FILTER (?umls_concept = umls:C3000052)
}
has no results, while filtering on umls:A8400986 does (used this id just as a test).
Because of this and that the response time for broad searches on umls on the cloud server (e.g. with regex) is slow, I want to have a look at mesh. The mesh subset is also on our aida server. The mesh id for human Calpain-3 on the nlm mesh website appears to be C105884.
I tried this query on the cloud umls repository:
PREFIX umls: <http://umls.nlm.nih.gov/>
SELECT ?umls_concept ?umls_relation ?umls_concept2
WHERE {
?umls_concept ?umls_relation ?umls_concept2.

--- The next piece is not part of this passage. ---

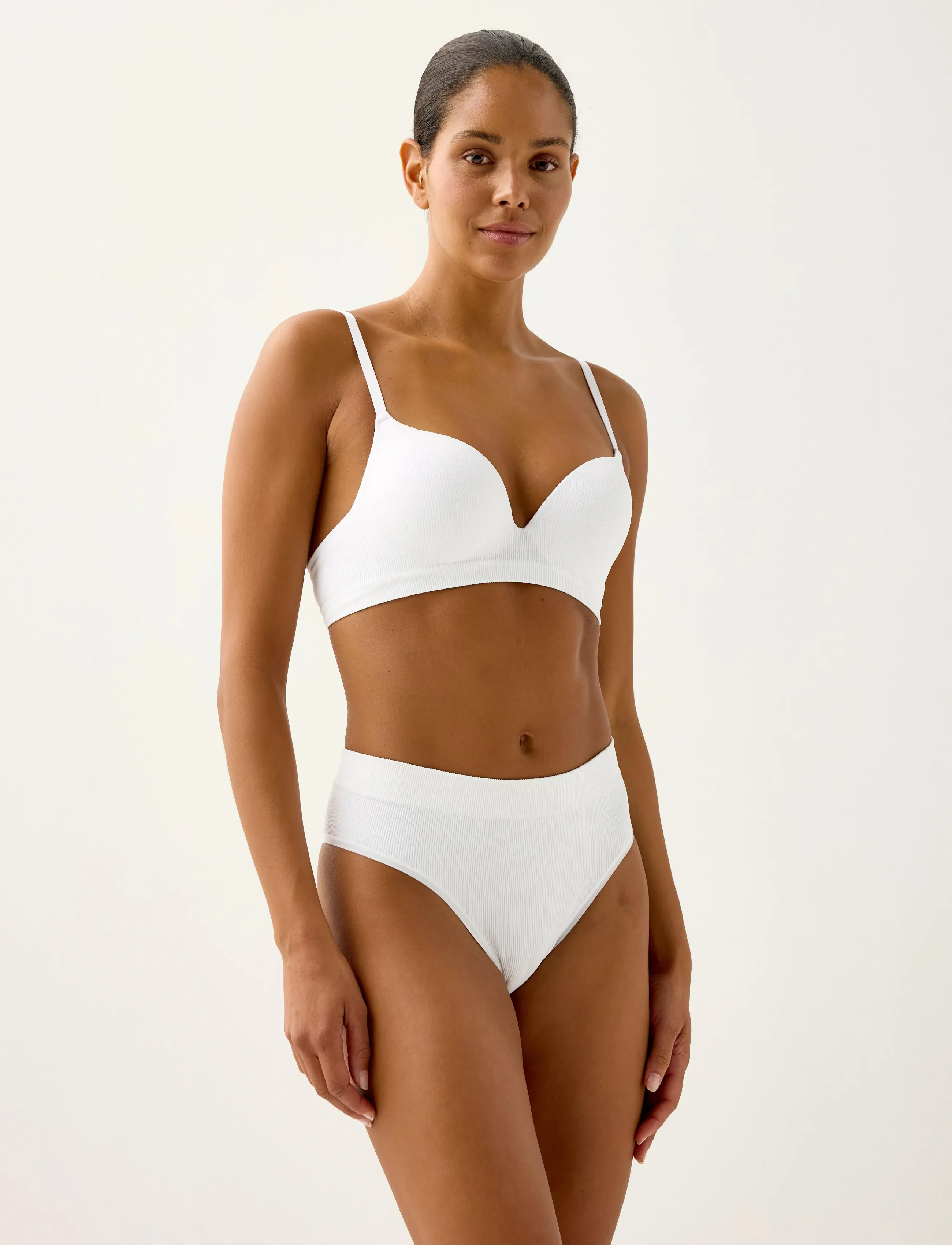 Lindex Bra Malva Seamless Rib, Kvinder, Sømløs Rib BH, Hvid, Str: 75 C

FILTER (?umls_concept = <http://umls.nlm.nih.gov/MSH/MSH_C105884> || ?umls_concept2 = <http://umls.nlm.nih.gov/MSH/MSH_C105884>)
}
gave 36 triples with interesting information, but not a name yet (which is what I am looking for). But it does provide a refseq and a link to a document. However, I have not found this via a link with C3000052 of course.
Suggestion
All in all, I have stumbled upon the well known bioinformatics problem of identifiers, which leads me to propose a suggestion for CWA. Although I appreciate any attempt to find unambiguous ’standard’ identifiers, I think experience tells us that most attempts have just added a new types of identifiers. Therefore, I suggest that we focus on reducing missing links (which seems to be my problem here). This will not be a perfect solution, but perhaps a good one
I imagine we facilitate a community approach, based on these principles:
- any link to any of the many ’standard’ identifiers links in with a network of interlinked identifiers such that we can reach the identifier we need
- any link created by a user adds to the network, thereby reducing missing links (hence, the community is making the network)
- tools can be built on this network:
- e.g. a path traverser for when the required information is a number of triples away along a path. (e.g I was looking for a human readable label); gradually we could build in intelligence, such as SKOS label discovery.
- A web service for identifier discovery based on this would be really useful in workflows. Such a service would hide the RDF details from the queries (you could just say: ‘umls’, or ‘mesh’ or ‘refseq’ for the output type; I imagine the traversed path is a second output for validation)
- Would this be a connection with Okkam (Staphano Bocconi)? I think this is doable, useful for users, and enough for a computer scientist to produce papers on (imho I don’t think Okkam can produce something useful on both sides unless a community is enabled to do most of the work).